# Determine Reference Classes

This notebook implements Section 4.5 of the report. However, it is only for illustrating what is done in the file `determine_reference_classes.py` and no data is saved here.

For each UT sequence in each target class all possible reference classes are determined. A reference class rc for a target class cid and a UT sequence ts has to fulfill the following two requirements:
- At least one student in rc must have completed ts.
- At least one student in rc must have completed at least one IU sequence that belongs to ts and that was completed by at least one student in the cid.

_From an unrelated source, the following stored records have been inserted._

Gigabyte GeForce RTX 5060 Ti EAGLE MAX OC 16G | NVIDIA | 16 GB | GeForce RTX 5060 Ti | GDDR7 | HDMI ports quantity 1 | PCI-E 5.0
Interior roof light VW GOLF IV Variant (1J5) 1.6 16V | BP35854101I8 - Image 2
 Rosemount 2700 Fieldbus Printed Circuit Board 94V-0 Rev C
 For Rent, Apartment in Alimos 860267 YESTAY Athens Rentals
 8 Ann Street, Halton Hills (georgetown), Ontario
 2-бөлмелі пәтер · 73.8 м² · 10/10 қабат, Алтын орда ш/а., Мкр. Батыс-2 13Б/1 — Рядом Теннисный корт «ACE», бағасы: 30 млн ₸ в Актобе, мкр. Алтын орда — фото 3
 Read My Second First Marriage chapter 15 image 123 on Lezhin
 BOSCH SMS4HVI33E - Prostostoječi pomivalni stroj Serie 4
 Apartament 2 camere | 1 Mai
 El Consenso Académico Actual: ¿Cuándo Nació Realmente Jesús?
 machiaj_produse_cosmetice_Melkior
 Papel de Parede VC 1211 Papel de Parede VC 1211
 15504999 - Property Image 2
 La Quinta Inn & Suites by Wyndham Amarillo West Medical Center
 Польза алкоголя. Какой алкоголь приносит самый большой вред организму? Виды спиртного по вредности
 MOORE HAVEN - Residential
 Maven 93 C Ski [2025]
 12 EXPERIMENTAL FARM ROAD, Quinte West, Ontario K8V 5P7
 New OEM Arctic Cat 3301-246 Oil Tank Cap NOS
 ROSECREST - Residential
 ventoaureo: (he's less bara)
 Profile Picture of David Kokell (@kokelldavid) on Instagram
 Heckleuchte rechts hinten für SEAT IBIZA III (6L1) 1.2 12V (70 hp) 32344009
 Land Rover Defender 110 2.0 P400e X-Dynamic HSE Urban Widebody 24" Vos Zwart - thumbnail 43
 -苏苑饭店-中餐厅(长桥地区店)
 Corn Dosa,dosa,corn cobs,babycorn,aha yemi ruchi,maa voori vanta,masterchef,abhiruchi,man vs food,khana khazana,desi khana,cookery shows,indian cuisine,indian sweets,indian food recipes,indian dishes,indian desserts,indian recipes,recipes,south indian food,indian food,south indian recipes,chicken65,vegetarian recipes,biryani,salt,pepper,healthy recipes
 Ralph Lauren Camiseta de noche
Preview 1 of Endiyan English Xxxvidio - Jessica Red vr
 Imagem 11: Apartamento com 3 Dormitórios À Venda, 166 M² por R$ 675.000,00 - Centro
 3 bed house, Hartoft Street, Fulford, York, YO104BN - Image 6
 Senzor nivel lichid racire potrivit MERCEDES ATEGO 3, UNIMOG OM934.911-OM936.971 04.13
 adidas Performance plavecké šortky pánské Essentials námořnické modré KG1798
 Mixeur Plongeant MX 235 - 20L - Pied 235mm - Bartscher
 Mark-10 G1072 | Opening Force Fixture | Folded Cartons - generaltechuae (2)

The possible reference classes are stored together with some further information in a dictionary. The keys are all class_id's (cid) existing in df. The value for each of those is another dictionary with the following items:
- students: list of students (student_id's) in cid
- problems: list of all problems (problem_id's) completed by students in this cid
- details: dictionary, where the keys are the UT sequences that have been completed within the cid; the values are another dictionaries with the following items:
    - reference_classes: list of possible reference classes (class_id's) for this cid and UT sequence
    - iu_seq: list of IU sequences (sequence_id's) corresponding to the UT sequence
- ref_classes_complete: list of all reference class candidates for all ts in cid

In [1]:
%load_ext autoreload
%autoreload 2

import pandas as pd

from itertools import chain

import sys
import os
sys.path.append(os.path.abspath('../../sources'))

import utils
from data_preparation import determine_reference_classes

Pyarrow will become a required dependency of pandas in the next major release of pandas (pandas 3.0),
(to allow more performant data types, such as the Arrow string type, and better interoperability with other libraries)
but was not found to be installed on your system.
If this would cause problems for you,
please provide us feedback at https://github.com/pandas-dev/pandas/issues/54466
        
  import pandas as pd
  from .autonotebook import tqdm as notebook_tqdm


In [2]:
# read data
df = utils.read_data_file("final_data_main_approach.csv")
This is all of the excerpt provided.